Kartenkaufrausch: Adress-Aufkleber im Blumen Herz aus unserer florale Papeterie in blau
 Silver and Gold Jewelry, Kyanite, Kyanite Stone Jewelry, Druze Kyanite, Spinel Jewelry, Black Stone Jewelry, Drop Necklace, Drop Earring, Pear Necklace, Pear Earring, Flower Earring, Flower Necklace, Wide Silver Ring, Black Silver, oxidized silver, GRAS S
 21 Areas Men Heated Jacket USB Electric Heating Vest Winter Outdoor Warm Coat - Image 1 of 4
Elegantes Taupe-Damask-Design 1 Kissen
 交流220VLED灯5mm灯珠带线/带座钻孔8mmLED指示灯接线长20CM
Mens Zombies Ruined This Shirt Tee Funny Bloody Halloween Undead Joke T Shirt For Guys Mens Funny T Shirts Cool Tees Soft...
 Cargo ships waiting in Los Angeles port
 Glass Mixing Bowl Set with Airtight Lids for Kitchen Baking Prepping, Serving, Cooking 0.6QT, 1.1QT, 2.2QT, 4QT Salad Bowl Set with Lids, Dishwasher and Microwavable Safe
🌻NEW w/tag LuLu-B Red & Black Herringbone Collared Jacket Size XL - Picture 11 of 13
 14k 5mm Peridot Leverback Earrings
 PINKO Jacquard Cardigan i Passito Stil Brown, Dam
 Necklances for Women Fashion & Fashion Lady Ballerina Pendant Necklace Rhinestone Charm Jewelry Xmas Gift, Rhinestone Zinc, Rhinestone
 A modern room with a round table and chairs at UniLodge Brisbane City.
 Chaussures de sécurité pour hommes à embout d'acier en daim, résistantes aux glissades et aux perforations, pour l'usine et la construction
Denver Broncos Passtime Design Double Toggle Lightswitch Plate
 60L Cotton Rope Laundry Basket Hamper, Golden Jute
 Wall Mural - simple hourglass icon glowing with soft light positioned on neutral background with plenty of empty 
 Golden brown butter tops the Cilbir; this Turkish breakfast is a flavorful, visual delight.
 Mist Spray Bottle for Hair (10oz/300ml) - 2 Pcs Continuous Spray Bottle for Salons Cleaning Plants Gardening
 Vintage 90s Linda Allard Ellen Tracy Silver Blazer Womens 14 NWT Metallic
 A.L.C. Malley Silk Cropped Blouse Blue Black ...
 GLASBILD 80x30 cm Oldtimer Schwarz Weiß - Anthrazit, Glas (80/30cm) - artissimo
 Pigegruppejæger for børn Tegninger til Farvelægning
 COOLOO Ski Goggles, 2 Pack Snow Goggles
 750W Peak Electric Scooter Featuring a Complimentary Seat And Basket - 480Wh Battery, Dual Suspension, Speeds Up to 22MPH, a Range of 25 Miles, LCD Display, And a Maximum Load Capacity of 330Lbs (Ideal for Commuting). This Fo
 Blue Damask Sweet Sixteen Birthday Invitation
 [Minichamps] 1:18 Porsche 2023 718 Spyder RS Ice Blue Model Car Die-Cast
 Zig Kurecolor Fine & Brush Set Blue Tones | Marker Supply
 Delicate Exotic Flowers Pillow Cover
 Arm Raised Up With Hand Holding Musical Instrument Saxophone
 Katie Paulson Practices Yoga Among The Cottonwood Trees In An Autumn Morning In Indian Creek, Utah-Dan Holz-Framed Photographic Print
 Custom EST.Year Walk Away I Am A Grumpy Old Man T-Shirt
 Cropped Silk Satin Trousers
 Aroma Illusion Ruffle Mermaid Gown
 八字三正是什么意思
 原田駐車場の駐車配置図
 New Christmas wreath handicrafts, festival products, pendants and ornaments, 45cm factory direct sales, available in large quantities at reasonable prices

## What needs to be done
Retype the records above exactly as they appear.

## Task solution
Kartenkaufrausch: Adress-Aufkleber im Blumen Herz aus unserer florale Papeterie in blau
 Silver and Gold Jewelry, Kyanite, Kyanite Stone Jewelry, Druze Kyanite, Spinel Jewelry, Black Stone Jewelry, Drop Necklace, Drop Earring, Pear Necklace, Pear Earring, Flower Earring, Flower Necklace, Wide Silver Ring, Black Silver, oxidized silver, GRAS S
 21 Areas Men Heated Jacket USB Electric Heating Vest Winter Outdoor Warm Coat - Image 1 of 4
Elegantes Taupe-Damask-Design 1 Kissen
 交流220VLED灯5mm灯珠带线/带座钻孔8mmLED指示灯接线长20CM
Mens Zombies Ruined This Shirt Tee Funny Bloody Halloween Undead Joke T Shirt For Guys Mens Funny T Shirts Cool Tees Soft...
 Cargo ships waiting in Los Angeles port
 Glass Mixing Bowl Set with Airtight Lids for Kitchen Baking Prepping, Serving, Cooking 0.6QT, 1.1QT, 2.2QT, 4QT Salad Bowl Set with Lids, Dishwasher and Microwavable Safe
🌻NEW w/tag LuLu-B Red & Black Herringbone Collared Jacket Size XL - Picture 11 of 13
 14k 5mm Peridot Leverback Earrings
 PINKO Jacquard Cardigan i Passito Stil Brown, Dam
 Necklances for Women Fashion & Fashion Lady Ballerina Pendant Necklace Rhinestone Charm Jewelry Xmas Gift, Rhinestone Zinc, Rhinestone
 A modern room with a round table and chairs at UniLodge Brisbane City.
 Chaussures de sécurité pour hommes à embout d'acier en daim, résistantes aux glissades et aux perforations, pour l'usine et la construction
Denver Broncos Passtime Design Double Toggle Lightswitch Plate
 60L Cotton Rope Laundry Basket Hamper, Golden Jute
 Wall Mural - simple hourglass icon glowing with soft light positioned on neutral background with plenty of empty 
 Golden brown butter tops the Cilbir; this Turkish breakfast is a flavorful, visual delight.
 Mist Spray Bottle for Hair (10oz/300ml) - 2 Pcs Continuous Spray Bottle for Salons Cleaning Plants Gardening
 Vintage 90s Linda Allard Ellen Tracy Silver Blazer Womens 14 NWT Metallic
 A.L.C. Malley Silk Cropped Blouse Blue Black ...
 GLASBILD 80x30 cm Oldtimer Schwarz Weiß - Anthrazit, Glas (80/30cm) - artissimo
 Pigegruppejæger for børn Tegninger til Farvelægning
 COOLOO Ski Goggles, 2 Pack Snow Goggles
 750W Peak Electric Scooter Featuring a Complimentary Seat And Basket - 480Wh Battery, Dual Suspension, Speeds Up to 22MPH, a Range of 25 Miles, LCD Display, And a Maximum Load Capacity of 330Lbs (Ideal for Commuting). This Fo
 Blue Damask Sweet Sixteen Birthday Invitation
 [Minichamps] 1:18 Porsche 2023 718 Spyder RS Ice Blue Model Car Die-Cast
 Zig Kurecolor Fine & Brush Set Blue Tones | Marker Supply
 Delicate Exotic Flowers Pillow Cover
 Arm Raised Up With Hand Holding Musical Instrument Saxophone
 Katie Paulson Practices Yoga Among The Cottonwood Trees In An Autumn Morning In Indian Creek, Utah-Dan Holz-Framed Photographic Print
 Custom EST.Year Walk Away I Am A Grumpy Old Man T-Shirt
 Cropped Silk Satin Trousers
 Aroma Illusion Ruffle Mermaid Gown
 八字三正是什么意思
 原田駐車場の駐車配置図
 New Christmas wreath handicrafts, festival products, pendants and ornaments, 45cm factory direct sales, available in large quantities at reasonable prices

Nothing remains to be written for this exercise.